Glen Plake turned back at Canadian border 

Entry refusal latest in border horror stories

By Clare Ogilvie

One of the most influential skiers in the world was turned back at the border this week as he tried to make his way to the Telus World Ski and Snowboard Festival.

Glen Plake, voted Powder magazine’s most influential skier in 35 years, and instantly recognizable by his signature Mohawk, was on his way to Whistler to appear at Words and Stories.

This is just the latest in a number of reports of U.S. citizens hitting a road block as they try to come to Canada — a country that all have visited many times before.

“We knew that he had been in and out of Canada quite frequently over the last several years and from what we understand whatever the situation was it happened a very long time ago,” said TWSSF festival director Sue Eckersley.

“He is certainly a person I would consider an upstanding citizen; he helps kids with disabilities, and in this case he was giving freely of his time to come up and present at our event at no cost to us.”

While Eckersley is not critical of the decision by border officials to refuse entry to Plake she is concerned about how this issue is going to affect the festival in the future, and indeed tourism in the resort.

“I am not critical, I am concerned,” she said, adding that she is not aware of all the circumstances surrounding the decision to keep Plake out of Canada.

She believes it was based on a conviction around pot use several years ago. Plake has not been reachable since the border event on Saturday.

“…If we are going to become a society that is going to allow a person’s mistakes that they made a long time ago in the past (affect them forever) it is certainly going to have an impact on events such as ours,” said Eckersely.

Having performers stopped at the border is not new to the festival — in previous years bands have been held until the last possible second. The difference seems to be that it is spreading to other visitors, including those involved in the literary world.

At the root of the issue is not the rules and regulations which govern border crossing, but rather the introduction of new technology linked to U.S. Homeland Security measures, which allow Canadian customs officials to get a detailed background report on people entering the country.

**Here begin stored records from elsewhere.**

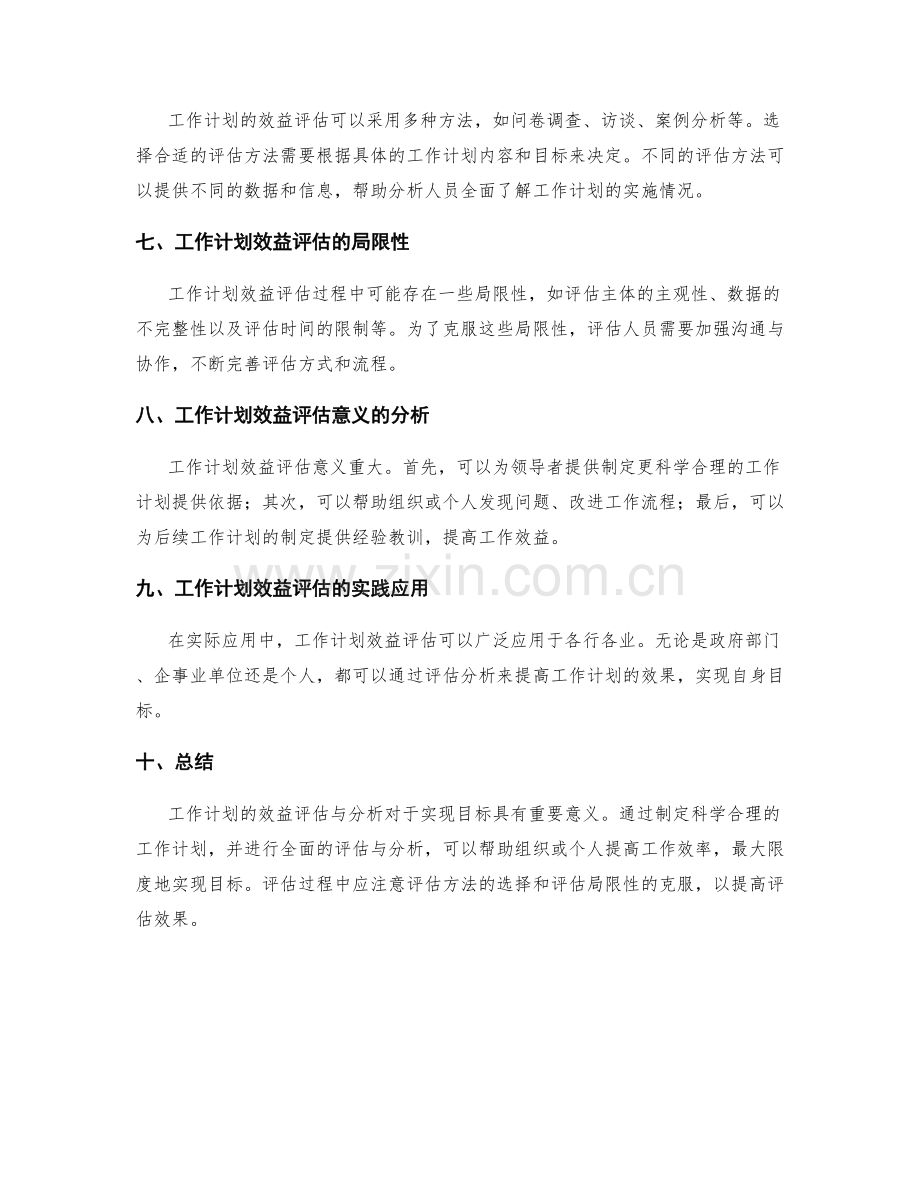 工作计划的效益评估与分析.docx_第2页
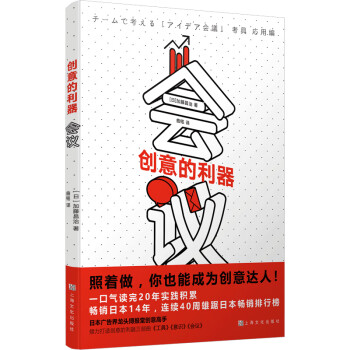 創(chuàng)意的利器:會(huì)議 創(chuàng)意的利器:會(huì)議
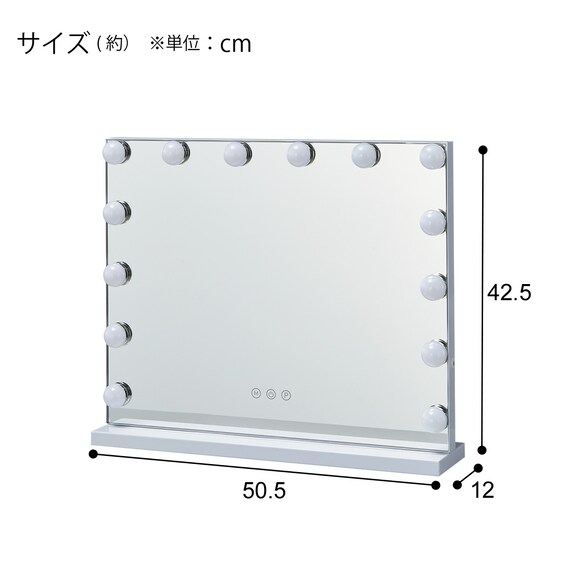 LED付き置き型ミラー(OD002 WH) 9枚目画像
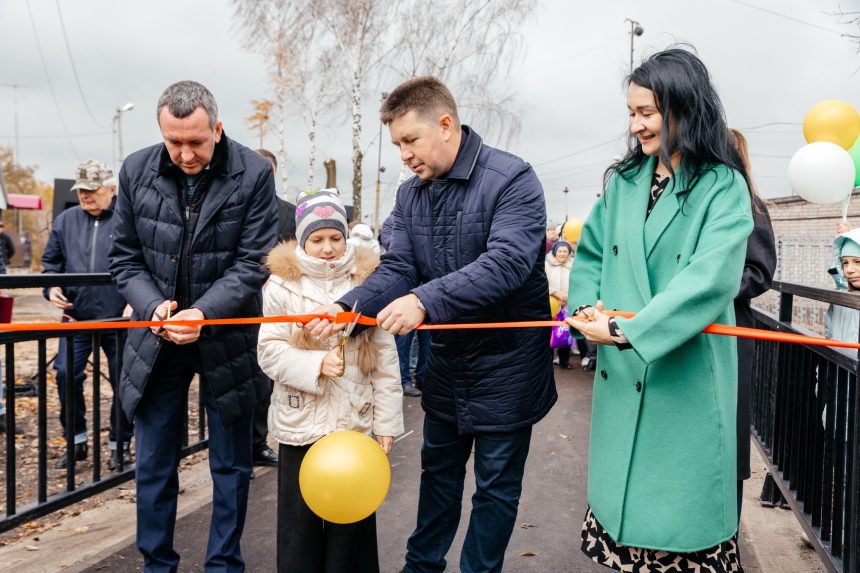 Да будет мост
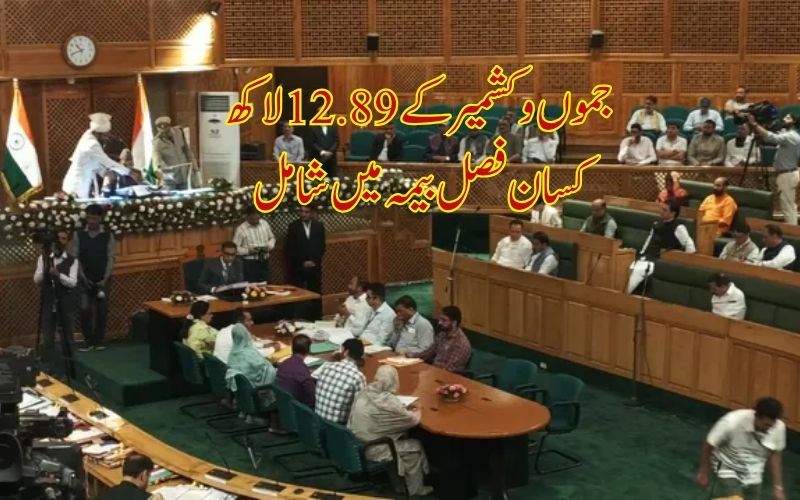  فصل بیمہ اسکیم میں 12.89 لاکھ سے زائد کسان شامل، جموں و کشمیر حکومت کا اسمبلی میں بیان
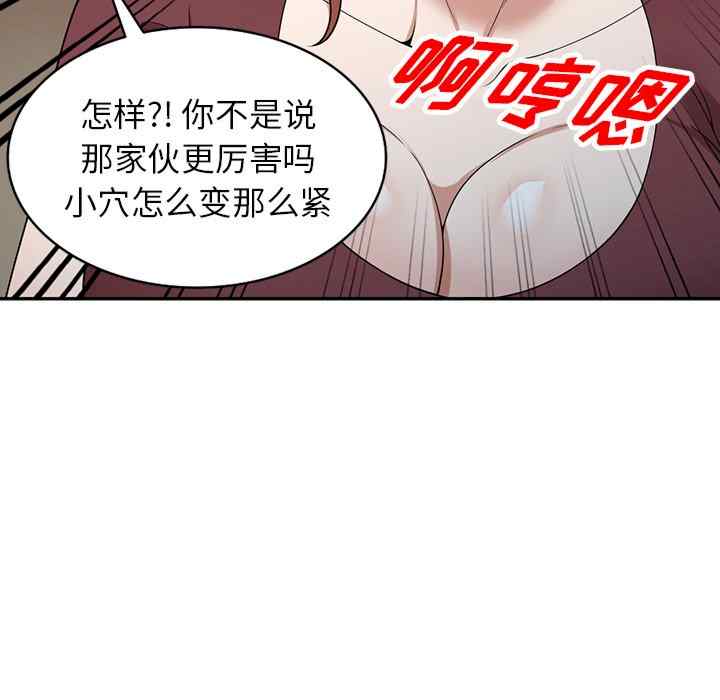 第72张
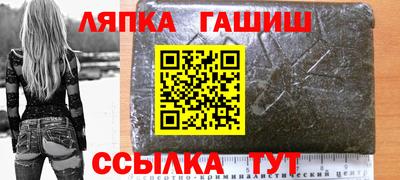 мдма Берёзовский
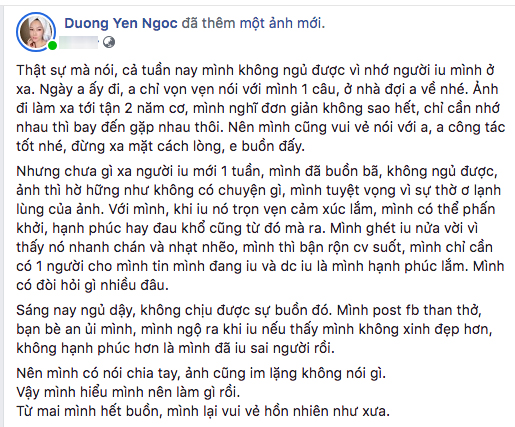 Dương Yến Ngọc bất ngờ thông báo đã chia tay người yêu mới chỉ sau 2 ngày công khai Dương Yến Ngọc bất ngờ thông báo đã chia tay người yêu mới chỉ sau 2 ngày công khai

Recently the San Francisco Chronicle ran an article warning people to deal with their past if coming to Whistler after readers complained that they were now being stopped on their way to their vacations because of historical criminal records and misdemeanors.

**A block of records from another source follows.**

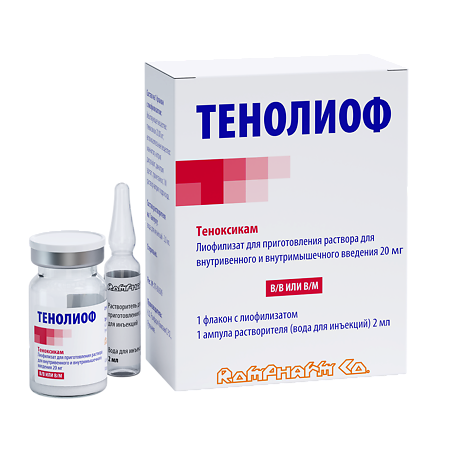 Тенолиоф лиофилизат д/приг раствора для в/в и в/м введ 20 мг фл +р-ль 1 шт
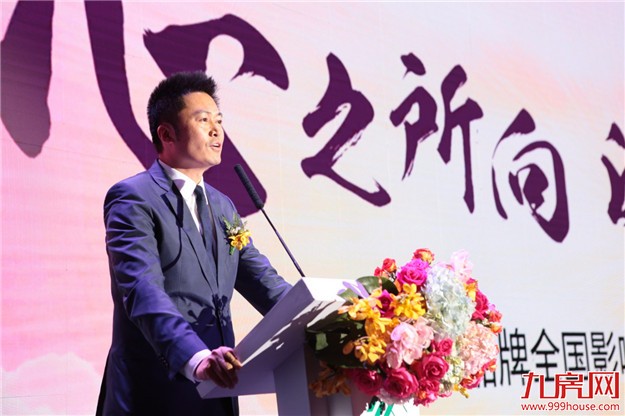 融侨地产发布2017四大战略深耕区域及核心城市——九房网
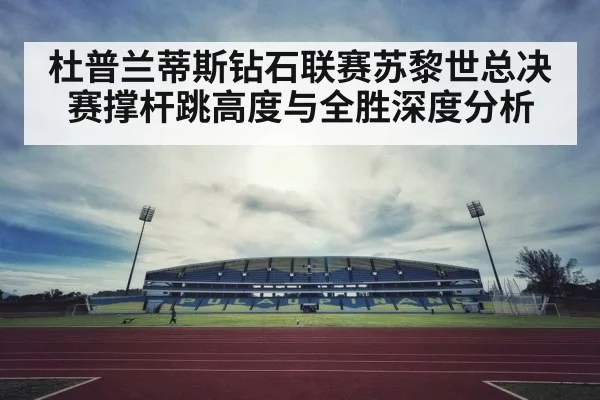 pole vault night stadium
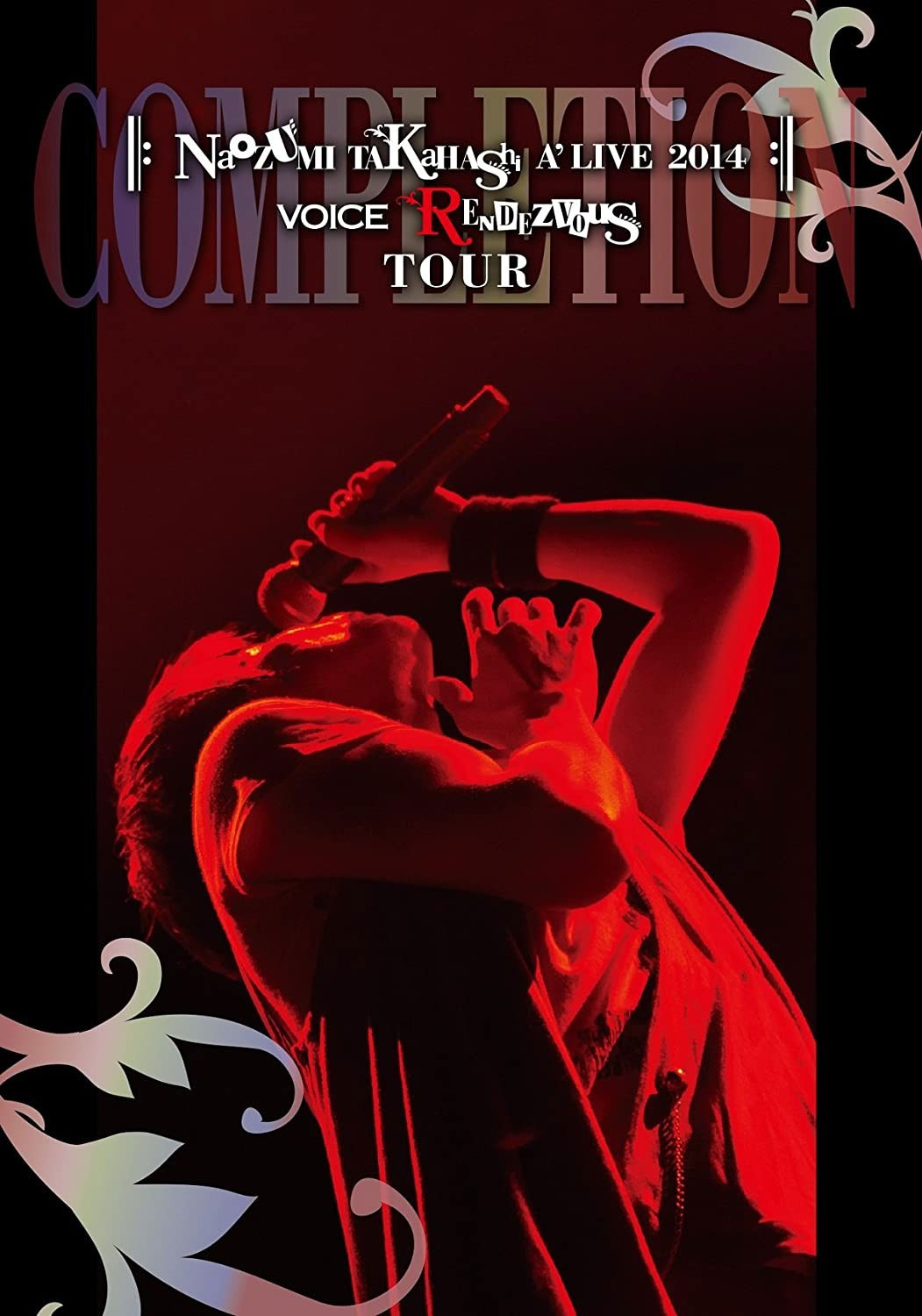 高橋直純 Naozumi Takahashi – A\’LIVE 2014 VOICE RENDEZVOUS TOUR -COMPLETION- [2015.03.18] [2DVD ISO 13.2GB]-蓝光演唱会资源网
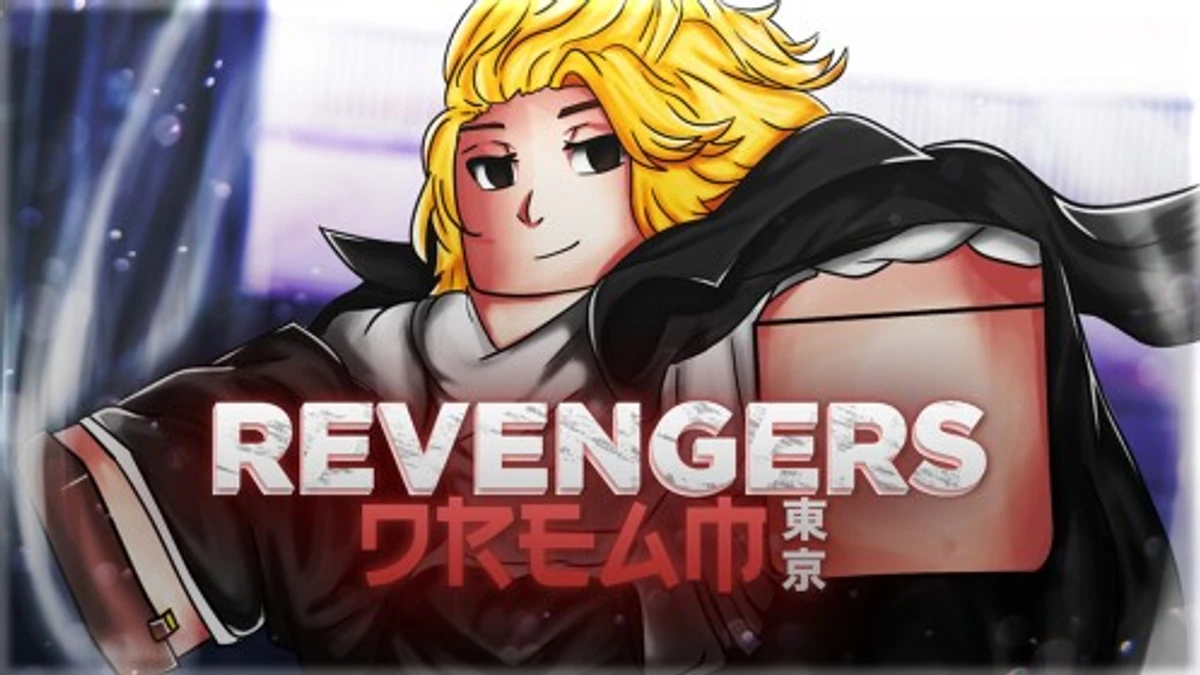 Revengers Dream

Following the publication of that article Tourism Whistler began to get letters from individuals and those handling group sales about how this might affect travel plans.

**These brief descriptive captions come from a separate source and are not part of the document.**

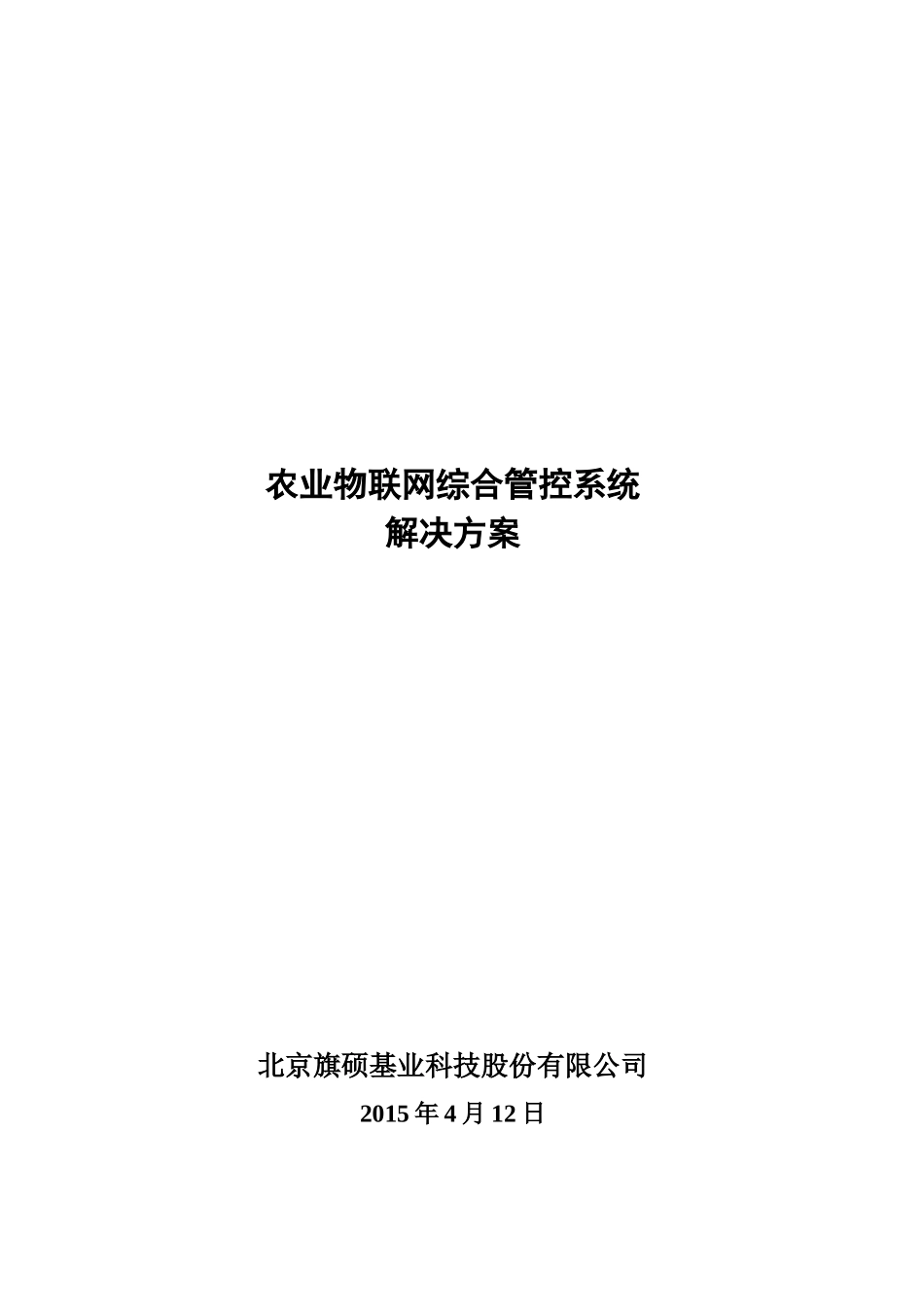 农业物联网综合管控系统解决方案_第1页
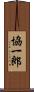 協一郎 Scroll
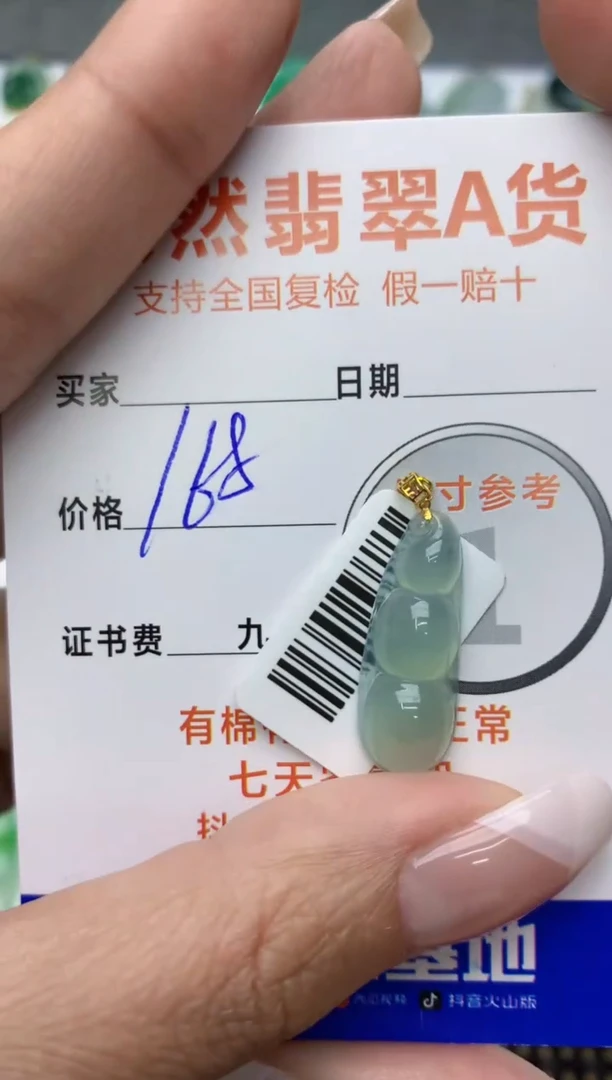 【闪购商品】翡翠颈饰18K金镶嵌12345678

This has prompted Tourism Whistler to bring up the touchy subject with the federal government. This month both the Minister of State for Small Business and Tourism, Gerry Ritz, and the Secretary of State Multiculturalism and Canadian Identity, Jason Kenney, were alerted to the organization’s concerns during scheduled meetings.

“…Any opportunity we have with any federal or provincial ministers we certainly will continue to communicate our concerns and we hope there is a voice of reason when setting guidelines and policy for the future,” said Tourism Whistler President Barrett Fisher.

“…Ensuring that safety is first is paramount, but not to the detriment of growing our tourism business.”

Fisher said TW would also continue to talk with the Council of Tourist Associations of B.C. and the Canadian Tourism Industry Association of Canada as part of the lobbying efforts.

“From our perspective if it is something within the last five years and is something considered a serious offence we completely understand (that people should be stopped at the border),” said Fisher.

“But if it is more along the lines of a misdemeanor, potentially drunk driving 25 years ago, or something that is a historical offence, I think what we would like to see is some tolerance for an old offence.”

Stockwell Day, the Minister of Public Safety, was unable to return calls to   Pique Newsmagazine on the issue . But a spokeswoman said he would, in any case, be unable to discuss the Plake case for privacy reasons and that customs officials are bound by the criteria set out for allowing access to Canada.

Glen Plake is one of the most distinctive figures in extreme sports today. He is known for his appearance in ski films such as The Blizzard of Aahs.

In recent years he has served as host for the RSN Cable Network's program Reel Thrills.